For brands, permission is especially important when using user-generated content. It protects trust, avoids copyright issues, and makes your community feel respected instead of harvested like free stock photography.
Step 2: Capture the Story
For a photo Story, take a screenshot. For a video Story, use your phone’s screen recording feature. After recording, trim the beginning and end so your final clip looks clean.
Step 3: Upload It as a New Story
Open Instagram, create a new Story, and select the screenshot or screen recording from your camera roll. Crop or resize it so it looks polished.
Step 4: Credit the Creator Clearly
Tag the original creator using their Instagram handle. You can write “Credit: @username,” “Shared with permission from @username,” or “Via @username.” Place the credit where it is visible but not covering important content.
Step 5: Add Your Own Value
Manual reposts should not feel like copy-paste content. Add a note explaining why you are sharing it. For example, “This is exactly what I mean when I talk about practical meal prep,” or “A smart reminder for anyone planning a weekend trip.”
Why Can’t I Repost an Instagram Story?
If you cannot repost an Instagram Story, do not panic. Your phone is probably not personally betraying you. There are several common reasons the repost option may be missing.
The Original Account Is Private
Private account content is more restricted. Even if you follow the account, Instagram usually limits how that content can be reshared to protect the creator’s privacy.
You Were Not Tagged
For many years, the easiest Story repost method only worked when the original creator mentioned your username. If you were not tagged and public Story resharing is unavailable, you may not see the “Add to your story” button.
The Creator Disabled Sharing
Instagram gives public account owners control over whether others can share their Stories. If they turned off Story resharing, you may be able to view the Story but not repost it.
The Story Expired
Stories disappear after 24 hours. If the Story has expired, the repost option disappears with it.

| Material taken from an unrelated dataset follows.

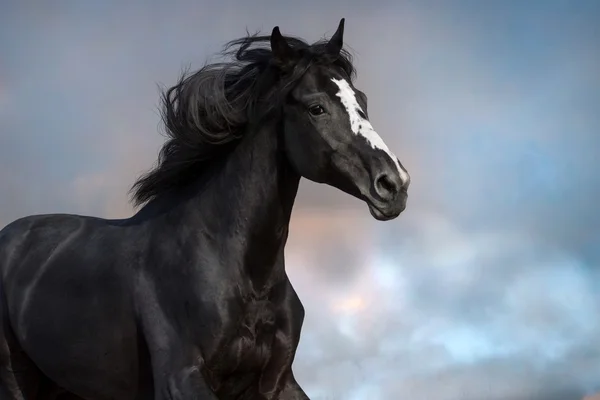 Black horse in motion — Stock Photo, Image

That is Instagram’s way of saying, “You had one day, champ.”
Your App Is Outdated
If your Instagram app is outdated, newer sharing features may not appear. Update the app from the App Store or Google Play Store, then close and reopen it.
There Is a Temporary App Glitch
Sometimes the fix is beautifully boring: restart the app, restart your phone, log out and back in, clear the cache on Android, or reinstall Instagram. Not glamorous, but neither is turning a router off and on againand that still works suspiciously often.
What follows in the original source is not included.